* [Task objective]: Each line below with the string "Dress" should be copied.
──────── Exercise data ────────
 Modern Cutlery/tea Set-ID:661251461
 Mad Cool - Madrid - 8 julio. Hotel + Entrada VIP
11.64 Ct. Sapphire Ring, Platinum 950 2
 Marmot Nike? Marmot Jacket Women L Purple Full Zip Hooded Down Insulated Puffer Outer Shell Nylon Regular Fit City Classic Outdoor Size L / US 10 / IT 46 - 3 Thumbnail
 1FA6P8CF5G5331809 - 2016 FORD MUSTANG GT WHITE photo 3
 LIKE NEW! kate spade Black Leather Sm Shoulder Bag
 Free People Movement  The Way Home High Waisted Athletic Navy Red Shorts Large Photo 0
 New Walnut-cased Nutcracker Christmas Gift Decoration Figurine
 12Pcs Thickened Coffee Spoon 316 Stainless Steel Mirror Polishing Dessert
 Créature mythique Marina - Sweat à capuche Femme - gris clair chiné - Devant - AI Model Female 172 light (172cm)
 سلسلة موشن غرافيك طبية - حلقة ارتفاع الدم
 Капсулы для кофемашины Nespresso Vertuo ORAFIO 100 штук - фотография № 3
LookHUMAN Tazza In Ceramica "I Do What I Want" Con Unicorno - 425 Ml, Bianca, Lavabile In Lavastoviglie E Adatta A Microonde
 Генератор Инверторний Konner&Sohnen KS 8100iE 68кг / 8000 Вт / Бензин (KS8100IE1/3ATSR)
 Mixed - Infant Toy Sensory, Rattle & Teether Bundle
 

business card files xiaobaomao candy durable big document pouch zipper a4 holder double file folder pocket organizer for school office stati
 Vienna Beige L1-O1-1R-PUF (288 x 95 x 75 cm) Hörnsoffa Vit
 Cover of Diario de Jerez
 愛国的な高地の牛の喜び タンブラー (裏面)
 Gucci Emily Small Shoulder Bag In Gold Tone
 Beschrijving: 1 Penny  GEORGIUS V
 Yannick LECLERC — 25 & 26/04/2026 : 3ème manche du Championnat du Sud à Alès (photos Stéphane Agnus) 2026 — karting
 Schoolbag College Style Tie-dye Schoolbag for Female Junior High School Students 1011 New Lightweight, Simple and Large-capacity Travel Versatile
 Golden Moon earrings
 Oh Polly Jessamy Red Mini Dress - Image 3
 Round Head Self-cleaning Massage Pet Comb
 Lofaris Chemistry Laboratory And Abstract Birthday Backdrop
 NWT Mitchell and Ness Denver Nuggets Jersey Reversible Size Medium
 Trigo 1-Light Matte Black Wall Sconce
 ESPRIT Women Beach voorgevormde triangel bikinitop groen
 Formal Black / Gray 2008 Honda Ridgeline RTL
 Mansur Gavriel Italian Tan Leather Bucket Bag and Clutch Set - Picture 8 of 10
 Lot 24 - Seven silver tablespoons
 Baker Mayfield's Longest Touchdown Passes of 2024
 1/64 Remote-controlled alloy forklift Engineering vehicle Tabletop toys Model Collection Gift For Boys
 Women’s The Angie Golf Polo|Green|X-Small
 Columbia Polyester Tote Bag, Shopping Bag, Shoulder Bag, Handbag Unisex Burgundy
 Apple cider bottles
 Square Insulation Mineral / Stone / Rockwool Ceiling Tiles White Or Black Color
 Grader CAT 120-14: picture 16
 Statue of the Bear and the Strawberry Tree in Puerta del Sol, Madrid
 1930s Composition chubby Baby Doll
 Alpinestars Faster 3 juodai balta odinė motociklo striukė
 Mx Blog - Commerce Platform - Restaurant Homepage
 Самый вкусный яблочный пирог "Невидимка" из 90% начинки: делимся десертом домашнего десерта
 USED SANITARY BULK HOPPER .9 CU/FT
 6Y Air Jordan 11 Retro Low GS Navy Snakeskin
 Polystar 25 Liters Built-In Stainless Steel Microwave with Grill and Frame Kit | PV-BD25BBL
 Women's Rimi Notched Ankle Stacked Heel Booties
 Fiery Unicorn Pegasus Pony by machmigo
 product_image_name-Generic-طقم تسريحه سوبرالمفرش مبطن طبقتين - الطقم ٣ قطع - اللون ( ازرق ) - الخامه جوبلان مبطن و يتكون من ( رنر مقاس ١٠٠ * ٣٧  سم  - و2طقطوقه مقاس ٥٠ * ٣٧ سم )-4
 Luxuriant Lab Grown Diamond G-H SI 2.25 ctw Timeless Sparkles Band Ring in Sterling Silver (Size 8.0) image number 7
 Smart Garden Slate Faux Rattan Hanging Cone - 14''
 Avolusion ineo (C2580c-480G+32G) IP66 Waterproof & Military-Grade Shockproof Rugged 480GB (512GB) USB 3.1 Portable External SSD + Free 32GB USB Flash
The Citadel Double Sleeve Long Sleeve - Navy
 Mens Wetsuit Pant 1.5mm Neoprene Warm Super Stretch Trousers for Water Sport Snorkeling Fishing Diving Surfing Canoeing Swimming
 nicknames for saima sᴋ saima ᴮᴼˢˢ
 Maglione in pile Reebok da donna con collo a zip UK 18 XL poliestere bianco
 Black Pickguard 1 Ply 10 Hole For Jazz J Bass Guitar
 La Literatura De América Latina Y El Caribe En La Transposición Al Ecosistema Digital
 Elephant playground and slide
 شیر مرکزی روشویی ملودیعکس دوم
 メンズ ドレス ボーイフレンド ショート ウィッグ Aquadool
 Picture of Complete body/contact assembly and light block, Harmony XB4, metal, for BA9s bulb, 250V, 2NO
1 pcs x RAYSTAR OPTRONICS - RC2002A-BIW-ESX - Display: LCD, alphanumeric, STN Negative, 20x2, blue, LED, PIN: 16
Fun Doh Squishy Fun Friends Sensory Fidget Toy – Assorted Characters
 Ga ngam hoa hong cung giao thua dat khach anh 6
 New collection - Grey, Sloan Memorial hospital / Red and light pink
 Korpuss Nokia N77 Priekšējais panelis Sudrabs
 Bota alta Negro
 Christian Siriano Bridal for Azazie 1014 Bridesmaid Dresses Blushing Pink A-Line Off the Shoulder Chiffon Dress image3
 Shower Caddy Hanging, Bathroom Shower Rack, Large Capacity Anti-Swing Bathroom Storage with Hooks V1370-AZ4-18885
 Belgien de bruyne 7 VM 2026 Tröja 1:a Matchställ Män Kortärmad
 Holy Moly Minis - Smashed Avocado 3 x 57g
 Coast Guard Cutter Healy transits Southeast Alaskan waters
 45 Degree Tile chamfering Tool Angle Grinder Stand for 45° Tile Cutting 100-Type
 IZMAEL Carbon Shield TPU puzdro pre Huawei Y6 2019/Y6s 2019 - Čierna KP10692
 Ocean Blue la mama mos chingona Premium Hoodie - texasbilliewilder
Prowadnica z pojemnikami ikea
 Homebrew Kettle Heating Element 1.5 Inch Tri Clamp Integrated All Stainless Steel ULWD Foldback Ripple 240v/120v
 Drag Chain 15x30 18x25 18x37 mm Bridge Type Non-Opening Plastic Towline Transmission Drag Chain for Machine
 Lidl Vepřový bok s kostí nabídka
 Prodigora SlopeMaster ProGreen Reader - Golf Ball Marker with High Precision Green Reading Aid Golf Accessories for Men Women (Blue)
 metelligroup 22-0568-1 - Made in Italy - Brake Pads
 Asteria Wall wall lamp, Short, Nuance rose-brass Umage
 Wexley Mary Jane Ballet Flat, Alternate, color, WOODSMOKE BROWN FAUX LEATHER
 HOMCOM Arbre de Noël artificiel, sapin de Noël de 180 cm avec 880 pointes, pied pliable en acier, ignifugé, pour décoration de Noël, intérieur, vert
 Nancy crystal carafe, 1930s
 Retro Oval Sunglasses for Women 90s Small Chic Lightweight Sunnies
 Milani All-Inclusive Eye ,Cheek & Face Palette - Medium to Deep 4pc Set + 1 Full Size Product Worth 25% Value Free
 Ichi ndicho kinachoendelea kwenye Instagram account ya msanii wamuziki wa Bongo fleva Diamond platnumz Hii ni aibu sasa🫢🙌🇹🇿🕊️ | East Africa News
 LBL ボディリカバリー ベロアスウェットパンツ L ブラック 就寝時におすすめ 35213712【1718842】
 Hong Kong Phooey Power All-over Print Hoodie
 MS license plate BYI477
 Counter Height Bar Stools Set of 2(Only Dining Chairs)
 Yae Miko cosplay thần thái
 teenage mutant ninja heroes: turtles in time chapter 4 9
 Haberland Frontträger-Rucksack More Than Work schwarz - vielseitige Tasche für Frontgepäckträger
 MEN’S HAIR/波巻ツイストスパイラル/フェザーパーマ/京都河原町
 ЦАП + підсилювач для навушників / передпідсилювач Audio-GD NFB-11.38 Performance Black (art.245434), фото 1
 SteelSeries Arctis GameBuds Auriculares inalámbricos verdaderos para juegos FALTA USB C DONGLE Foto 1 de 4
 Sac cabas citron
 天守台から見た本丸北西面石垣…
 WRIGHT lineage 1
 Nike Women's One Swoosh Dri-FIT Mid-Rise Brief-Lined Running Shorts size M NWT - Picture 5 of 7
────────
* [Your response]:
 Oh Polly Jessamy Red Mini Dress - Image 3
 Christian Siriano Bridal for Azazie 1014 Bridesmaid Dresses Blushing Pink A-Line Off the Shoulder Chiffon Dress image3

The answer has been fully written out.